WASHINGTON (CNS) — In meetings with Secretary of State Hillary Clinton and National Security Adviser Gen. James Jones Sept. 29, more than two dozen Christian, Jewish and Muslim religious leaders voiced support for continuing peace talks between Israel and the Palestinian Authority.
“We refuse, now and always, to give into cynicism or despair,” they said in a joint statement presented to the U.S. officials.
“One of the biggest obstacles to peace in the Middle East is cynicism,” said Bishop Howard J. Hubbard of Albany, N.Y., chairman of the U.S. bishops’ Committee on International Justice and Peace, in a statement released by the U.S. Conference of Catholic Bishops after the meeting with Clinton. “As people of faith, we must remember that with God all things are possible.”
He was joined in the meetings by Cardinal Theodore E. McCarrick, retired archbishop of Washington, as well as a dozen other Christian clergy, six rabbis representing several Jewish organizations and half a dozen Muslim leaders, representing the Islamic Society of North America, the Islamic Center of America, the Council of Mosques and United Muslims of America.
In the joint statement issued by the group, known as the National Interreligious Leadership Initiative for Peace in the Middle East, the religious leaders called for members of their faith communities to pray for the peace of Jerusalem and to support “active, fair and firm U.S. leadership to advance comprehensive peace in the Middle East.”
They said it is imperative that peace talks continue and reiterated their previous call to halt settlement expansion, but added that they support U.S. efforts to work with Israeli Prime Minister Benjamin Netanyahu and Palestinian President Mahmoud Abbas “to reach a mutually acceptable agreement that will allow the negotiations to continue.”
Two years ago the group issued a statement declaring there was a “window of hope” for peace.

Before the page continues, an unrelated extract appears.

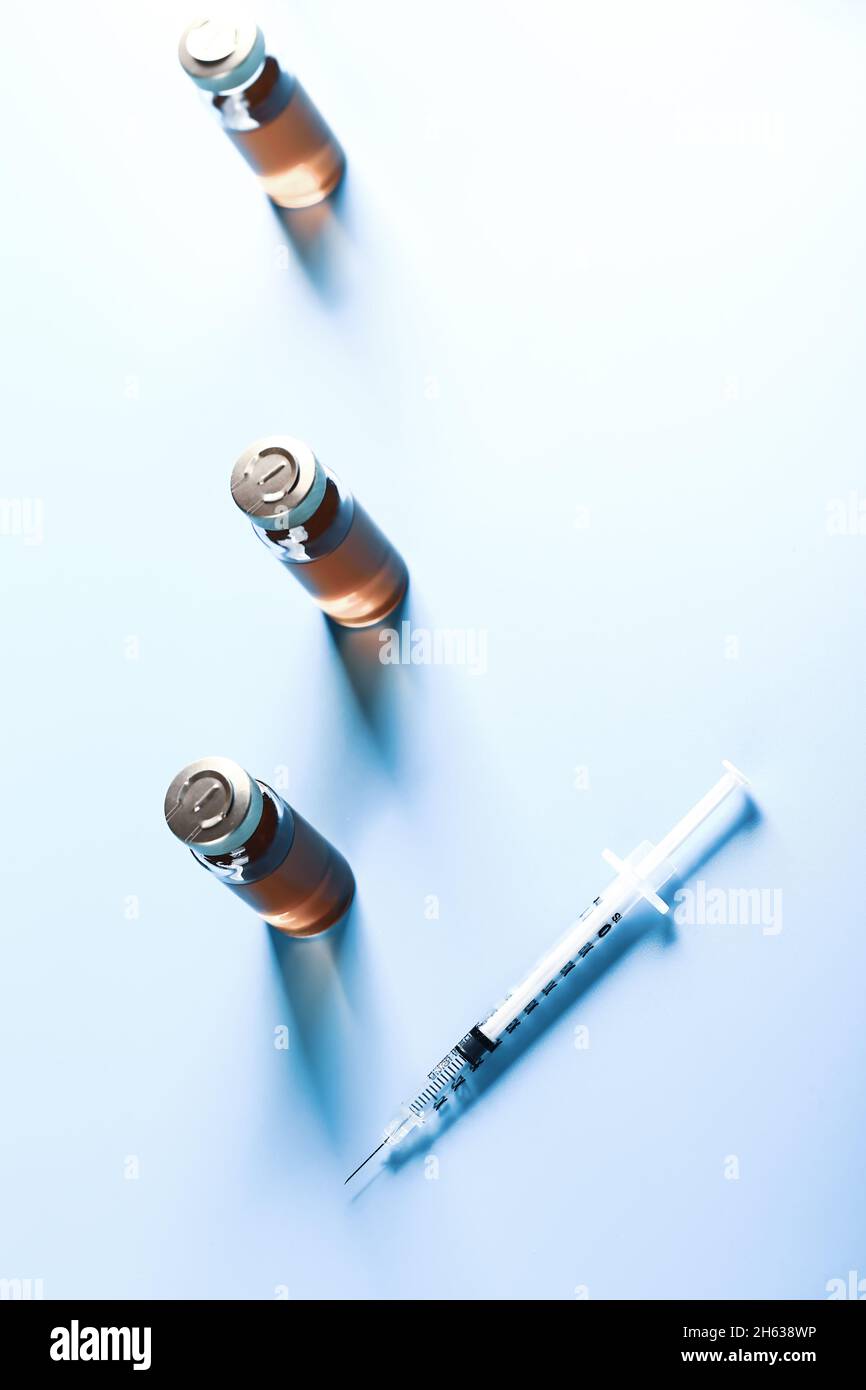 vaccine bottles on a blue background. medical concept. Very shallow depth of field. illumination across the frame Stock Photo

Now, its members said, ’we declare there is ‘new hope for the peace of Jerusalem.’ It will be difficult to achieve, but peace is possible.”

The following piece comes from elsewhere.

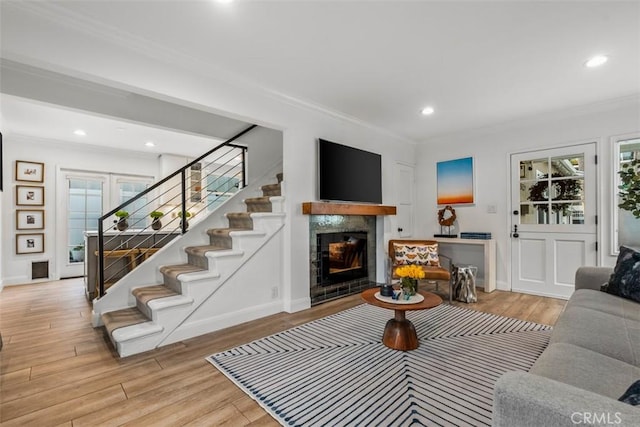 living room featuring crown molding, a fireplace, and light hardwood / wood-style flooring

The statement noted that majorities of both Israelis and Palestinians support a two-state solution to the long-running dispute over territory, and Arab states have declared their commitment to the Arab Peace Initiative. Also hopeful, it said, are diplomatic efforts to restart Israeli-Syrian and Israeli-Lebanese peace negotiations and other official and informal negotiations that have produced outlines of compromises for resolution of the conflict.

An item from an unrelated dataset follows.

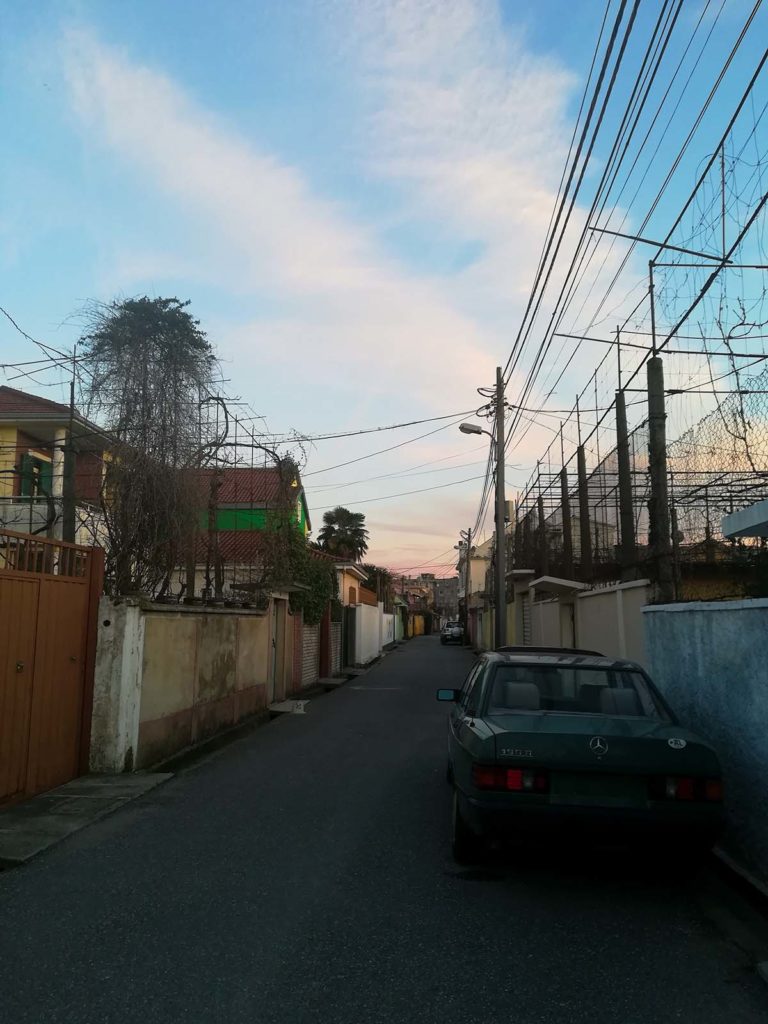 A street, on the street a car and on the sides walls and buildings behind the walls. The sky is painted orange from the sunset.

The religious leaders said that as direct negotiations resume, clarity is required. “As religious leaders, we remain firmly committed to a two-state solution to the conflict as the only viable way forward. We believe that concerted, sustained U.S. leadership for peace is essential. And we know that time is not on the side of peace, that delay is not an option.”
“The path to peace shuns violence and embraces dialogue,” they said. “This path demands reciprocal steps that build confidence. This path can lead to a future of two states, Israel and a viable, independent Palestine, living side by side in peace with security and dignity for both peoples, stability in the region and a comprehensive peace between Israel and all her Arab neighbors.”
Besides the two Catholic prelates, Christian participants included Armenian Orthodox Archbishop Vicken Aykasian; Bishop Mark S. Hanson, presiding bishop of the Evangelical Lutheran Church in America; United Methodist Bishop Sharon Zimmerman Rader; and representatives of the Greek Orthodox, Episcopal, Disciples of Christ and Presbyterian churches and the United Church of Christ.
The Jewish leaders included Rabbi Eric Yoffie, president of the Union of Reform Judaism, Rabbi David Saperstein, director of the Religious Action Center of Reform Judaism, Rabbi Ellen Weinberg Dreyfus, president of the Central Conference of American Rabbis; and Rabbi Amy Small, past president of the Reconstructionist Rabbinical Assembly.
Among the Muslim leaders were Sayyid Muhammad Syeed, national director of the Islamic Society of North America, Imam Mohamed Magid, president of the Islamic Society of North America; Iftekhar A. Hai, founding director, United Muslims of America; Imam Yahya Hendi, Muslim chaplain at Georgetown University; and Dawud Assad, president emeritus of the Council of Mosques USA.